Padua was close to Venice, which we figured would be the juiciest busking peach in Italy.  
Charlie, who two weeks before our trip fell out of a third floor window and left the hospital
just in time to make our flight, wanted to see the frescos by Giotto in the Scrovegni Chapel.  
Petrarch, Donatello, and Galileo also lived and worked in Padua, and we all know what
happened to Galileo.  Brimming with the vague sense of purpose we felt when journeying to
a place we actually knew something about, we crossed over the Alps from the fastidious,
logic-driven Northern World into the inscrutable, laid-back, tradition-soaked Southern
World.  The architecture ranged from magnificent to dreary, with graceful churches
mingling with tacky post-war apartment buildings. Some villages we passed were so
venerable that they seemed embedded in the crust of the earth, while our own century’s
technological litter of telephone cables, electric lights, and cars poked up like momentary
pustules.  The autostrade from Milan to Verona was a congested mess of factories, power
lines, prefabricated shopping malls, dingy apartment buildings and gritty pollution, with the
occasional glimpse of an olive grove or graceful villa.  The road was clogged with trucks, and
for long stretches, northern Italy was little more than an endless string of Clevelands.

By the time we got to Padua it was nearly midnight. European cities are like oysters—pearl-
like antique centers surrounded by ugly shells of modernity. We spent an hour buzzing
around the city like an insect looking for an opening, but every time we thought we found a
street leading to the center, a clever complex of one-way streets spat us back out again.  At
last we gave up and drove into the countryside to spend the night.  The scent of unwashed
males made the atmosphere in the van a bit too fruity, so we decided to sleep outside.  We
found a grassy spot by the creek in a small park, with several willows grouped together,
where we couldn’t see the lights from the surrounding buildings.

The next morning I opened one eye to see fog hanging over the park and an elderly woman
walking her poodle trying to ignore us.  The poodle, however, gave us a look that he might
give a particularly ripe fire hydrant.   We bundled up our damp bags and trudged back to
the van while a group of children playing nearby stopped to shout at us and laugh.

Our tyres had been slashed and a side window smashed in.

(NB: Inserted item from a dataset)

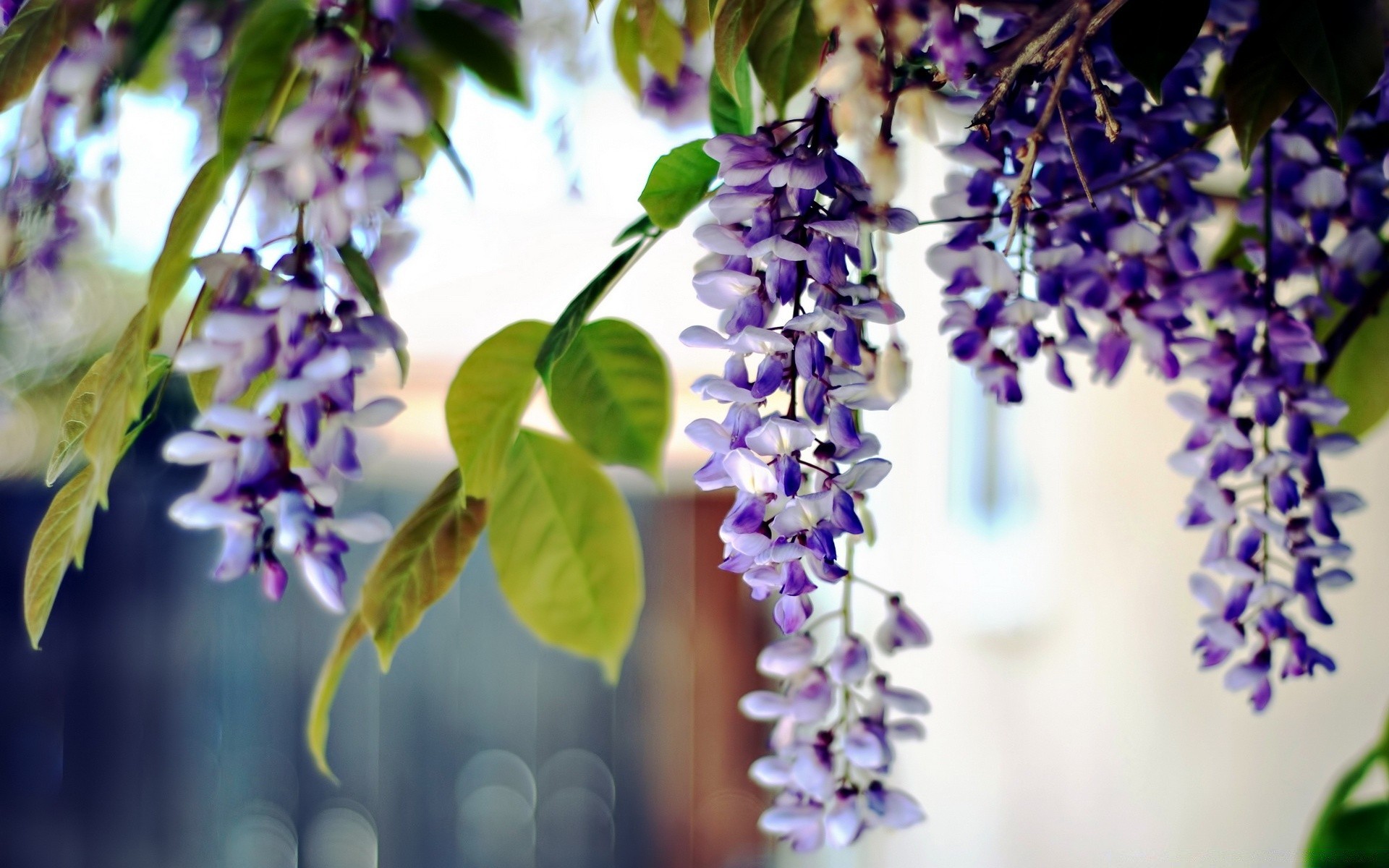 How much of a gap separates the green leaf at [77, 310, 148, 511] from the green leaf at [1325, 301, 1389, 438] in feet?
1.29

It was the work of an instant to
ascertain that our communal bag of money was gone.  The four of us were stuck thousands
of miles from home, penniless in a country we had never before visited and knew nothing
about.  Standing in that little residential neighborhood staring at each other, we realized that
we were literally starving on the streets of a foreign land.  I felt a strange, existential
sensation.

“Bloody bleedin’ ‘ell!”  Pete shouted, swiping at the broken window and cutting his palm in
the process.  “And I was hoping for a bit of a vacation down here.  We don’t have any
money, or any food.  What the bleedin’ ‘ell do we do now?”

“Be glad we still have our instruments,” I pointed out in an unappreciated attempt to see the
bright side.  “Otherwise we’d have to beg, or just lie down and die in the park.”   

Staggering under the weight of our backpacks and instruments, we picked our way through
the swarming roads of Padua to the signs marking the boundaries of the pedestrian zone.  
We wandered through an area where the sidewalk was torn up, leaving dirt and concrete
scattered in small piles, and then down a winding cobblestone alley. The buildings looked far
older than any others we had yet seen in Europe.  Most were pale ochre in color, with rust
stains dripping like streaks of sweat down the sides. Clothes hung overhead from iron
balconies and clotheslines strung over the narrow lanes.  A sweet aroma of wet stone,
cheese, and flowers filled the air.  I was dizzy with hunger.

The walkway spilled onto the broad Piazza della Erbe, surrounded on all sides by beautiful
Renaissance buildings. Each had its own arcaded walkway with elegant arching doorways.  
The ground floors of many buildings contained shops and cafes.  Near the center of the
piazza stood dozens of carts piled with fresh produce, while behind them, ruddy-cheeked
women chattered full volume in the rapid-fire cadence of Italian.  In the center of the square
rose a magnificent renaissance structure with a food market on the ground floor. The upper
floor looked like it might have housed an art museum.  We later learned that it did.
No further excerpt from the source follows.